Lands End. Landscape as Image and as Space

Shedhalle / Exhibitions / Lands End

 Verena Maas “BROWN”, documentary film, D/GB 2008, 28 min, DV, stereo

Verena Maas “BROWN”, documentary film, D/GB 2008, 28 min, DV, stereo

Lands End. Landscape as Image and as Space
Curators: Anke Hoffmann and Yvonne Volkart
20 March until 16 May 2010
Opening reception: Friday 19 March 2010, 7pm
With a cooking performance by the guerilla gardener and cook Maurice Maggi, Zurich

Artists: Ulu Braun, Eva Castringius, Matthew Fuller/Graham Harwood, Gabriela Gerber/Lukas Bardill, Dirk Haupt, Verena Maas, Achim Mohné, Sebastian Diaz Morales, Emily Richardson, Michaela Schwentner, Christian Vetter, Jana Winderen

In art, the most melancholic landscapes were created at a time when the natural of nature was surmised as something irretrievably lost, something endangered by industrialisation. Once more, one tried to halt the ravages of time and evoke an idyll that had never existed the way it was depicted. Those were the times of romanticism. What is the significance of landscape in art nowadays, 200 years later, in the year of biodiversity and hybrid artistic practices? What will happen if the social, economic, and cultural transformation processes in the terrain of landscape become topics of art? What if nature and technology no longer will be perceived as irreconcilable opposites but as mutually depending on each other?

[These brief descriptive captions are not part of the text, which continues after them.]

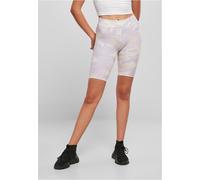 Stoffhose URBAN CLASSICS "Urban Classics Damen Ladies High Waist Camo Tech Cycle Shorts", Damen, Gr. XS, US-Größen, lilacamo, 77% Polyester, 23% Elasthan, slim fit, Hosen Stoffhose (30184356-XS) lilac
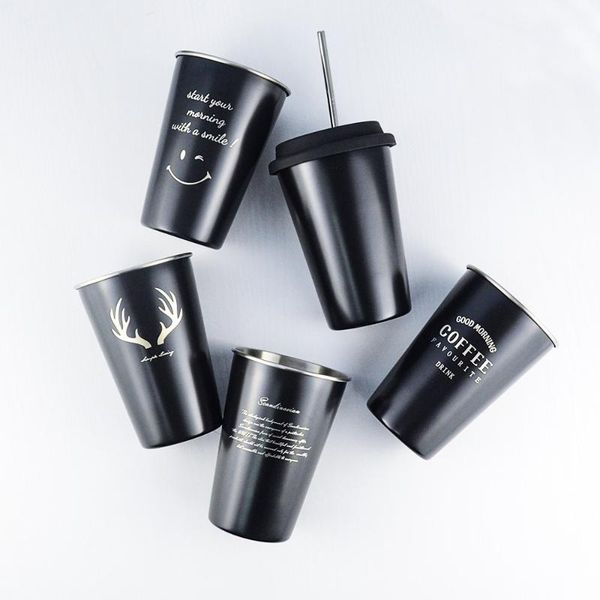 

mugs black stainless steel coffee mug silicone lid creative letter pattern travel camping tea milk cups home office school gift 500ml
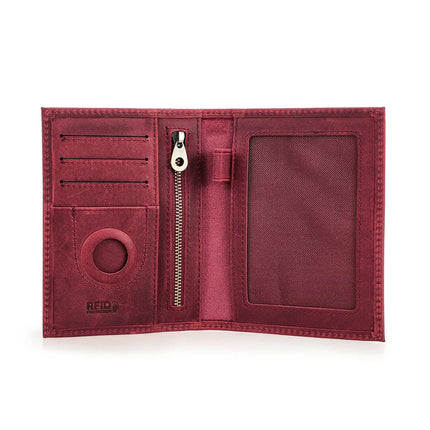 Protège passeport homme cuir rouge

The exhibition “Lands End” investigates the images and imaginations determining how landscape is being viewed today. It presents new ideas and alternative drafts. It presumes that melancholy, nostalgia, and attraction, today, still play an important role and act as moments of standstill and criticism since today’s art, in general, is inclined to use strategies of description and irritation, exaggeration and opposition. In times when knowledge about how landscape is being construed has become widespread und has led to a more precise approach to the subject it is extremely important to introduce different lines of thought. They have to take into consideration the dual meaning of landscape, real living space on the one hand and the ideal on the other. The artists we invited did this in their very own special ways, making obvious that we need images to view things in a different manner.